Breivik is evil — a cold-blooded, calculating killer — though a deluded man of some intelligence, who in his 1,500-page manifesto reveals a knowledge of the history, culture and politics of Europe.
He admits to his “atrocious” but “necessary” crimes, done, he says, to bring attention to his ideas and advance his cause: a Crusader’s war between the real Europe and the “cultural Marxists” and Muslims they invited in to alter the ethnic character and swamp the culture of the Old Continent.
Specifically, Breivik wanted to kill three-time Prime Minister Gro Harlem Brundtland, the “mother of the nation,” who spoke at the camp on Utoeya Island, but departed before he arrived.
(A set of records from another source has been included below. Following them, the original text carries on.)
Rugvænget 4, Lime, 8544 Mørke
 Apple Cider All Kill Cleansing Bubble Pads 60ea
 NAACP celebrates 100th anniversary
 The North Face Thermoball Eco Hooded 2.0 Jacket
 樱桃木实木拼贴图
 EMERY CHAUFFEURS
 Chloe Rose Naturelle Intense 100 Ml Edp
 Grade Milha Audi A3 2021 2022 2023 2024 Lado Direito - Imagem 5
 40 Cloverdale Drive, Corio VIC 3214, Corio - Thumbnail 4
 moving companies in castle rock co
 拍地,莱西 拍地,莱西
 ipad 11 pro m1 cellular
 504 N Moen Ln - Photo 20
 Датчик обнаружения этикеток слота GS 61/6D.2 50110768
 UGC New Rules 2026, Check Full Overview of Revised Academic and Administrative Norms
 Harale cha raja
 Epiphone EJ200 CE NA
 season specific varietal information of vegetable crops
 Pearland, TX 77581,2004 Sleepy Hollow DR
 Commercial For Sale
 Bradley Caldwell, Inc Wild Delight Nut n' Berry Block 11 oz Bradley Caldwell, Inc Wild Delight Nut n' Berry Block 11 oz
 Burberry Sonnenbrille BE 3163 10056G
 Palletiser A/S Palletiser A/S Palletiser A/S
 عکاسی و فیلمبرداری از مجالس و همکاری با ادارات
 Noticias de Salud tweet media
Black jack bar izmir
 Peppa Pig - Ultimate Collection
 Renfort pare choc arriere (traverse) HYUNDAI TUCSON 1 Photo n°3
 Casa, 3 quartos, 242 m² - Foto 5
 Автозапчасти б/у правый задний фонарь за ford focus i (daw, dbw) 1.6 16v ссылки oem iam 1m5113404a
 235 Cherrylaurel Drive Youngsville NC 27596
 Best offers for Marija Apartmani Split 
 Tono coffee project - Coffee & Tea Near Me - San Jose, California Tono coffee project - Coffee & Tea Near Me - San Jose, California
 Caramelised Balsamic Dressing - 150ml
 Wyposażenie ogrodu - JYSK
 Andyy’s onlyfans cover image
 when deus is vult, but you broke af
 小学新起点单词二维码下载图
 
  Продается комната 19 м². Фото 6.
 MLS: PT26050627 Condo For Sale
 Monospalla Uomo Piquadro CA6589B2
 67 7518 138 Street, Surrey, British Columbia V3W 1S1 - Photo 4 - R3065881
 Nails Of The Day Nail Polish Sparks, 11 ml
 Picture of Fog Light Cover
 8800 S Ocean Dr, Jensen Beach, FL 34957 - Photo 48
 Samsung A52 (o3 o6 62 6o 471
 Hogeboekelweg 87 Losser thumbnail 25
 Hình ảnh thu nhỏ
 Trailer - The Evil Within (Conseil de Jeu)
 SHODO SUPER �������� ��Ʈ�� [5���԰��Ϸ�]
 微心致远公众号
Predictably, the European press is linking Breivik to parties of the populist right that have arisen to oppose multiculturalism and immigration from the Islamic world. Breivik had belonged to the Progress Party, but quit because he found it insufficiently militant.
His writings are now being mined for references to U.S. conservative critics of multiculturalism and open borders. Purpose: demonize the American right, just as the berserker’s attack on Rep. Gabrielle Giffords in Tucson was used to smear Sarah Palin and Timothy McVeigh’s Oklahoma City bombing was used to savage Rush Limbaugh and conservative critics of Big Government.
Guilt by association, which the left condemned when they claimed to be its victims in the Truman-McCarthy era, has been used by the left since it sought to tie the assassination of JFK by a Marxist from the Fair Play for Cuba Committee to the political conservatism of the city of Dallas.
But Europe’s left will encounter difficulty in equating criticism of multiculturalism with neo-Nazism. For Angela Merkel of Germany, Nicolas Sarkozy of France and David Cameron of Britain have all declared multiculturalism a failure. From votes in Switzerland to polls across the continent, Europeans want an end to the wearing of burqas and the building of prayer towers in mosques.
The flood of illegal aliens into the Canary Islands from Africa, into Italy from Libya and Tunisia, and into Greece from Turkey has mainstream parties echoing the right. The Schengen Agreement itself, which guarantees open borders within the European Union to all who enter the EU, is under attack.
None of this is to deny the presence of violent actors or neo-Nazis on the European right who bear watching. But, awful as this atrocity was, native born and homegrown terrorism is not the macro-threat to the continent.
That threat comes from a burgeoning Muslim presence in a Europe that has never known mass immigration, its failure to assimilate, its growing alienation, and its sometime sympathy for Islamic militants and terrorists.
Europe faces today an authentic and historic crisis.
With her native-born populations aging, shrinking and dying, Europe’s nations have not discovered how to maintain their prosperity without immigrants. Yet the immigrants who have come — from the Caribbean, Africa, the Middle East, South Asia — have been slow to learn the language and have failed to attain the educational and occupational levels of Europeans. And the welfare states of Europe are breaking under the burden.
Norway, too, needs to wake up. From the first call for help, police needed 90 minutes to get out on the island in the Oslo lake to stop the massacre by the coward, who surrendered as soon as the men with guns arrived. Apparently, Breivik wanted to be around to deliver his declaration of European war in person. Yet, if convicted of the 76 murders, Breivik can, at most, get 21 years, the maximum sentence under Norwegian law.
Norway is a peaceful and progressive country, its leaders say.
Yet Norway sent troops to Afghanistan and has participated in the bombing of Libya, where civilians have been killed and Moammar Gadhafi has himself lost a son and three grandchildren to NATO bombs.
As for a climactic conflict between a once-Christian West and an Islamic world that is growing in numbers and advancing inexorably into Europe for the third time in 14 centuries, on this one, Breivik may be right.